DATA FOR THIS EXERCISE —
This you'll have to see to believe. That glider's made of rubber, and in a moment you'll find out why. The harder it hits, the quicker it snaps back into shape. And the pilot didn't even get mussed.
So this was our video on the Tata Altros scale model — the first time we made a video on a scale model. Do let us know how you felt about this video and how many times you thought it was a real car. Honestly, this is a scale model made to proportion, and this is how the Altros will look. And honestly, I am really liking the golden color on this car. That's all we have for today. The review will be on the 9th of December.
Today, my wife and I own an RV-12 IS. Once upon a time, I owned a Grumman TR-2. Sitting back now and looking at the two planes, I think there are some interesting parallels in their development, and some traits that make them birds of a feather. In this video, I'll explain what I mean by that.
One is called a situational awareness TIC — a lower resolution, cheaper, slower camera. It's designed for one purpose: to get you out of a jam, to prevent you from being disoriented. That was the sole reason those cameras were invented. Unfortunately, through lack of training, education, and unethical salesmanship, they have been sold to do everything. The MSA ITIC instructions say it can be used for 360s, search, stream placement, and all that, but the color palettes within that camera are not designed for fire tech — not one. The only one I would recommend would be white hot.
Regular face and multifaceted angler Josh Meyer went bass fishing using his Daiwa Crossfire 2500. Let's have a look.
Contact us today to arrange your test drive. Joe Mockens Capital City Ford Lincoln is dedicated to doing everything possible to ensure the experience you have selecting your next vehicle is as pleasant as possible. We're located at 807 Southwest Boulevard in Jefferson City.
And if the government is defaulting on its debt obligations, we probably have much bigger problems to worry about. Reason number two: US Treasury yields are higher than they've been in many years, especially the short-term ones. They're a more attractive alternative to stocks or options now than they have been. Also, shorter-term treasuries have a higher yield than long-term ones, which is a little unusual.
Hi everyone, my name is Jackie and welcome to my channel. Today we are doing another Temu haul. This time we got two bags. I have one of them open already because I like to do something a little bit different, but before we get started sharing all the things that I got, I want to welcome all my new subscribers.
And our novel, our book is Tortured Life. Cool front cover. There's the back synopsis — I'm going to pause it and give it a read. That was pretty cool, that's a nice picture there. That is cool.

--

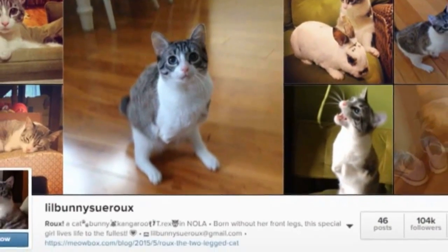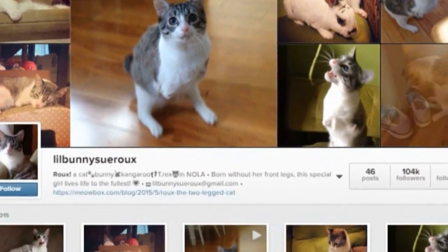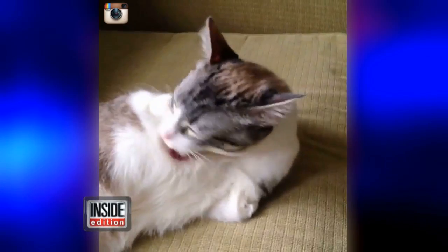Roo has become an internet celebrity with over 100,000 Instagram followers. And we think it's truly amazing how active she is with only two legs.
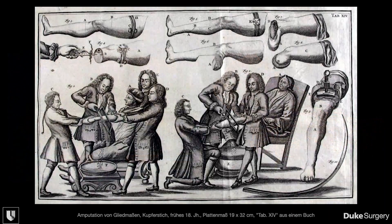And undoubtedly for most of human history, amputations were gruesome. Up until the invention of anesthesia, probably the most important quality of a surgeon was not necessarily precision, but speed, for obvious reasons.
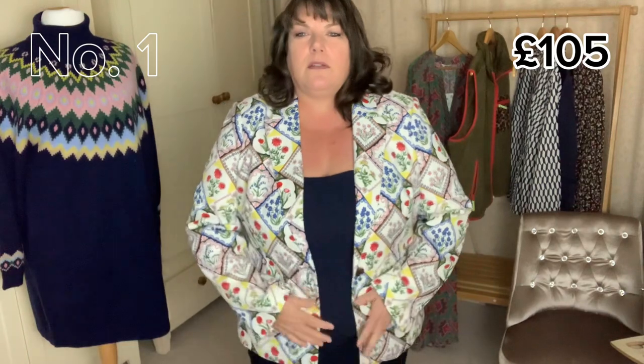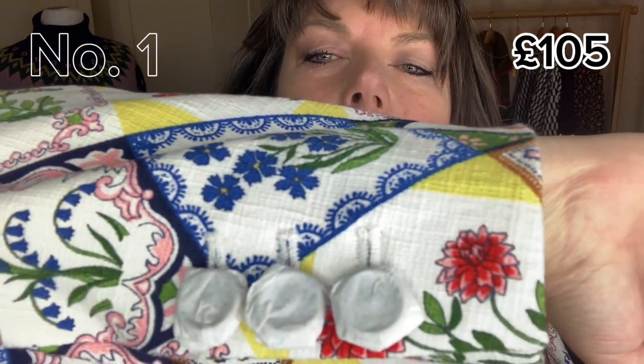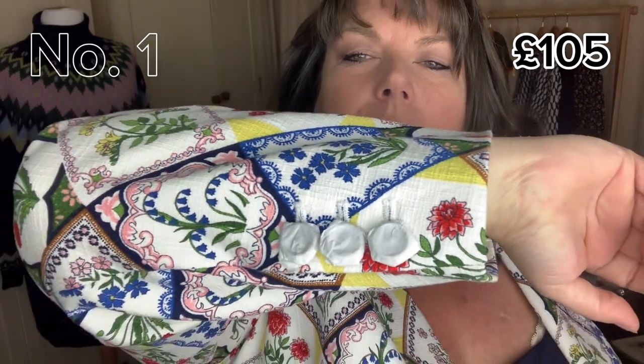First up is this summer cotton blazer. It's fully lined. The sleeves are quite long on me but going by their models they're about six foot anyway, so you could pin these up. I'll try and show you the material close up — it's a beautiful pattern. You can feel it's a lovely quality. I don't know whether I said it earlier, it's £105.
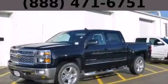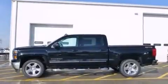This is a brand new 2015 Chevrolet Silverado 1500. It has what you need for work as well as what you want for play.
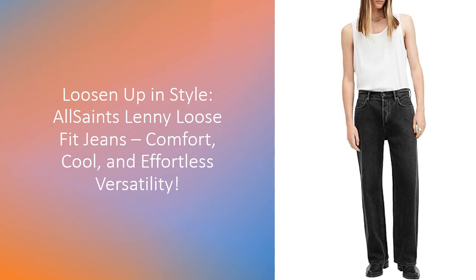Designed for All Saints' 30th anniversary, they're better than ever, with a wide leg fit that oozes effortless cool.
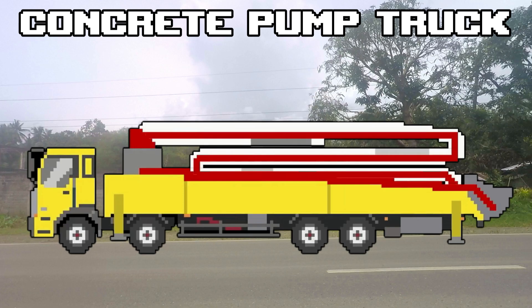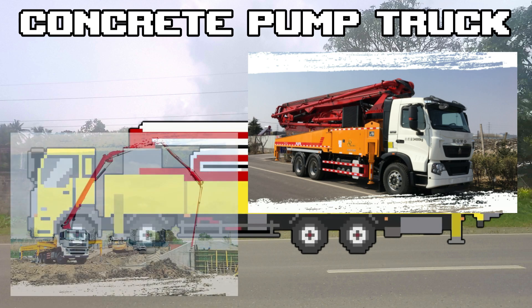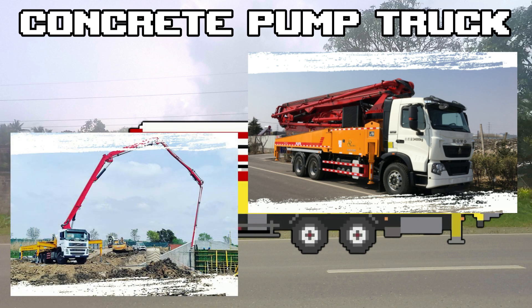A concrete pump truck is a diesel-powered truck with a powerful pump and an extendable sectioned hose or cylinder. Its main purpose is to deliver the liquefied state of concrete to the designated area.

WHAT TO DO — Only one part of the listing is wanted: the lines from the one containing "Roo has become" through the one containing "A concrete pump", both included. Please transcribe it exactly, leaving out the pictures.

RESPONSE —
Roo has become an internet celebrity with over 100,000 Instagram followers. And we think it's truly amazing how active she is with only two legs.
And undoubtedly for most of human history, amputations were gruesome. Up until the invention of anesthesia, probably the most important quality of a surgeon was not necessarily precision, but speed, for obvious reasons.
First up is this summer cotton blazer. It's fully lined. The sleeves are quite long on me but going by their models they're about six foot anyway, so you could pin these up. I'll try and show you the material close up — it's a beautiful pattern. You can feel it's a lovely quality. I don't know whether I said it earlier, it's £105.
This is a brand new 2015 Chevrolet Silverado 1500. It has what you need for work as well as what you want for play.
Designed for All Saints' 30th anniversary, they're better than ever, with a wide leg fit that oozes effortless cool.
A concrete pump truck is a diesel-powered truck with a powerful pump and an extendable sectioned hose or cylinder. Its main purpose is to deliver the liquefied state of concrete to the designated area.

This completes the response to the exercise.